5. But if the fresh evidence does not satisfy all these requirements so that a new trial could not be ordered on the basis of the discovery of fresh evidence, but does tend to establish that the verdict was obtained by fraud or by surprise or that there has been subornation of witnesses, the Court may grant a new trial upon a motion therefor, though a separate proceeding is clearly the preferable course, if the Court itself, on a trial of such issues, finds the fact of the fraud, the surprise or the subornation of witnesses, as the case may be, to be proved to its reasonable satisfaction: Hip Foong Hong v. H. Neotia &Co. (1918) AC 888 ; Jonesco v. Beard (4). It is not necessary in that event that the evidence of the fraud, the surprise or the subornation, though it should be "fresh", should be evidence which would be admissible on the issues between the parties in the action; or that it should be found to be probably conclusive of those issues. The Court's conclusion upon the fresh evidence before it that the verdict was obtained by fraud, by surprise or that witnesses were suborned, is sufficient to justify setting aside the verdict and ordering a new trial. Whether or not the Court does so must finally depend on the Court's view as to whether or not the interests of justice, either particularly in relation to the parties or generally in relation to the administration of justice, require such a course. So much, I think, is definitely established by the authorities to which I have referred. (at p533)

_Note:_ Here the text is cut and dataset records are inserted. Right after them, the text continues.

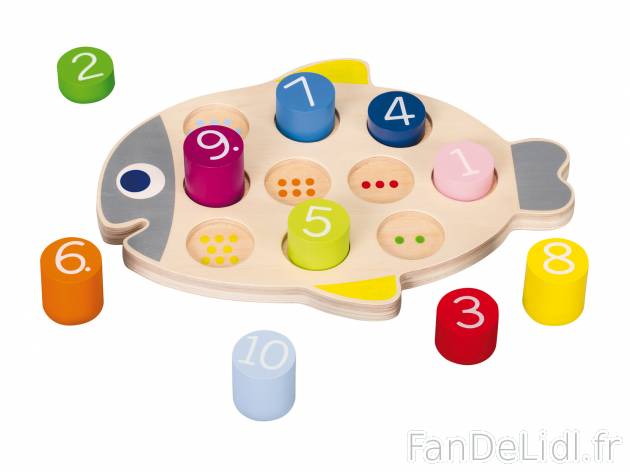 Jeu en bois , prezzo 7.99 € 
- Au choix : jeu d&apos;encastrement, âge recommandé ...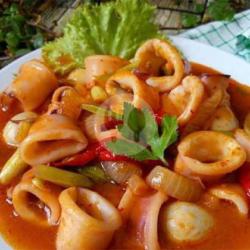 Sotong Asam Pedas Free Teh Kotak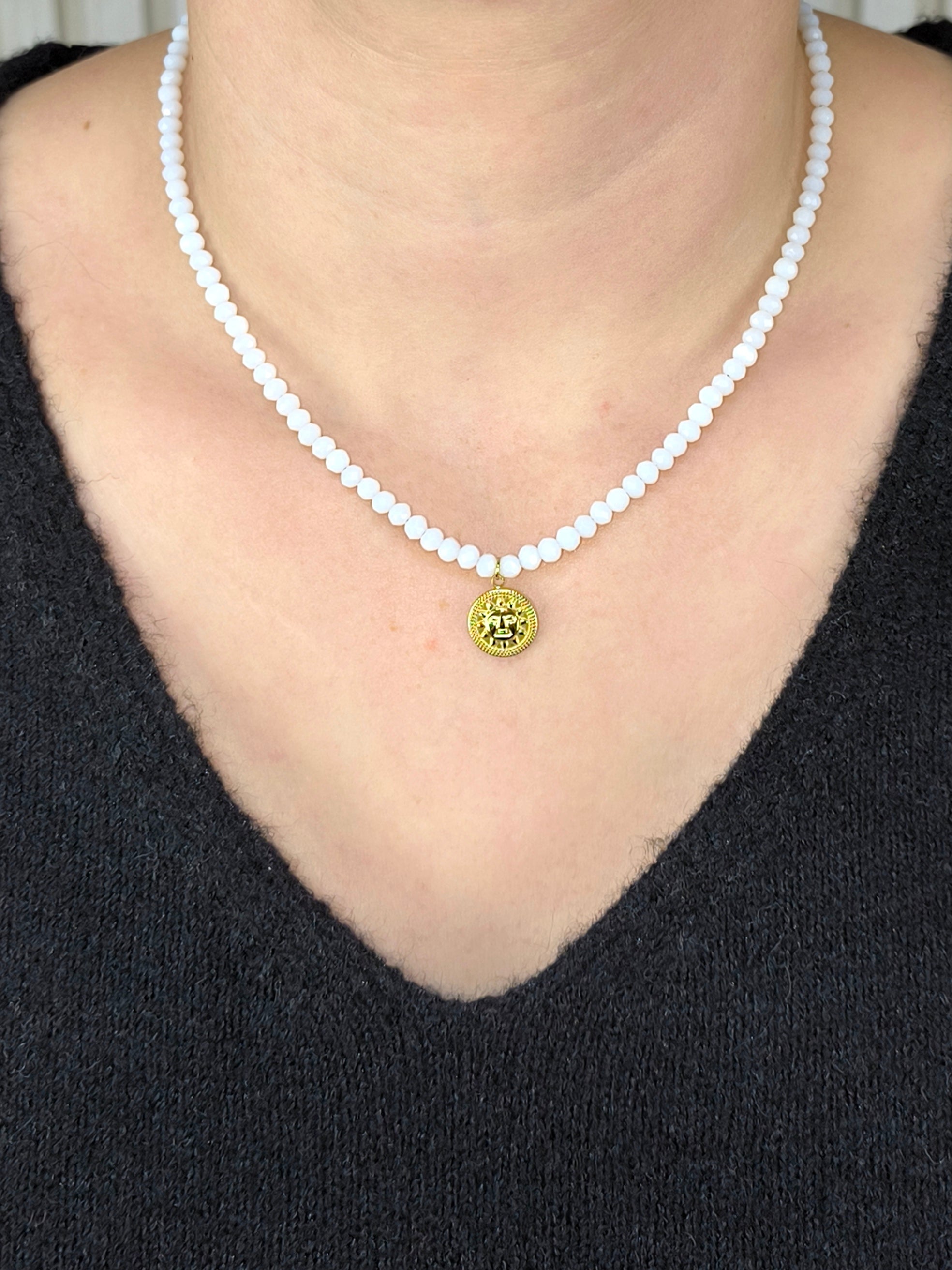 Facettiertes Perlenkettchen in wollweiss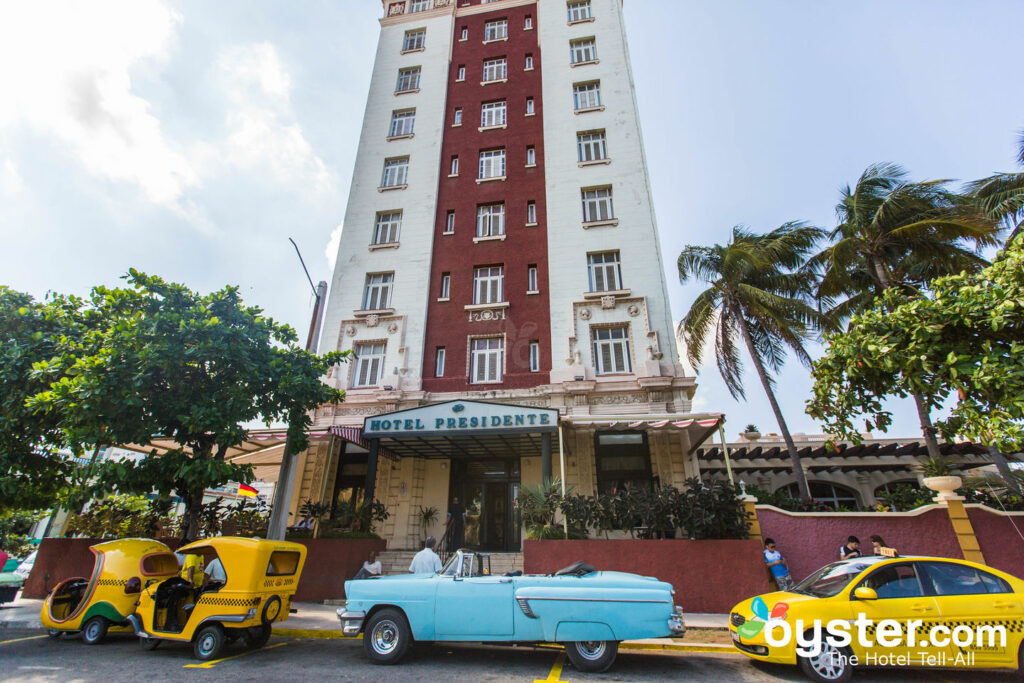 Star ratings in Cuba are inflated by international standards; the advertised four-star hotel above earned three pearls on Oyster.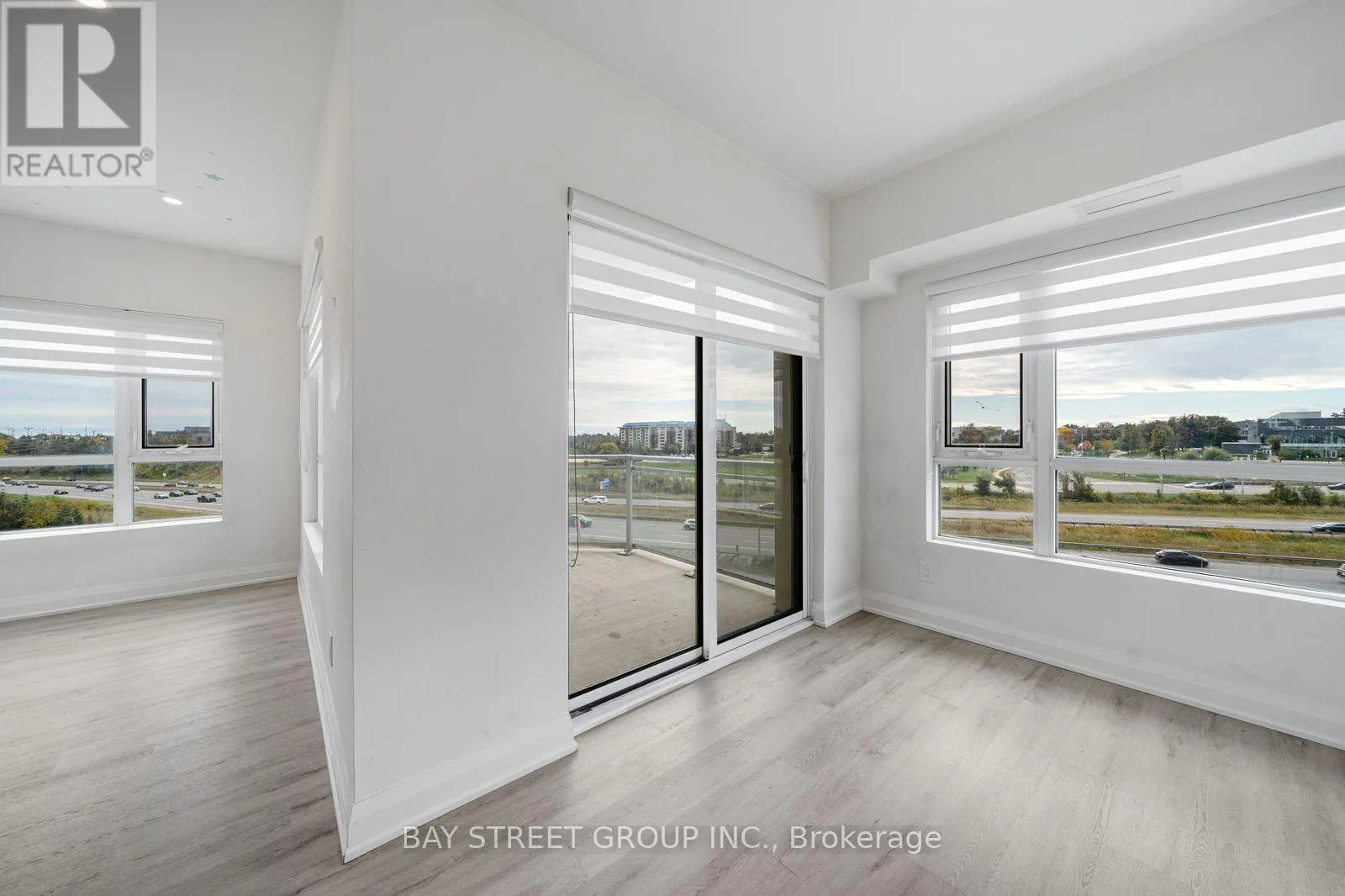 1011 - 58 LAKESIDE TERRACE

6. The reasons given by the leading judgment in the Supreme Court for granting a new trial in this case might possibly be read as tending to suggest that a new trial may be granted where there merely is evidence, as distinct from a finding, of fraud in obtaining the verdict, even though that evidence may not fully satisfy the rules to which I have referred governing the grant of a new trial upon the ground of the discovery of fresh evidence, or it might be read as suggesting that because in the Court's opinion it pointed to fraud, it did not need to be found that it would probably be conclusive of the issues between the parties. But, in my opinion, either view would be erroneous. (at p534)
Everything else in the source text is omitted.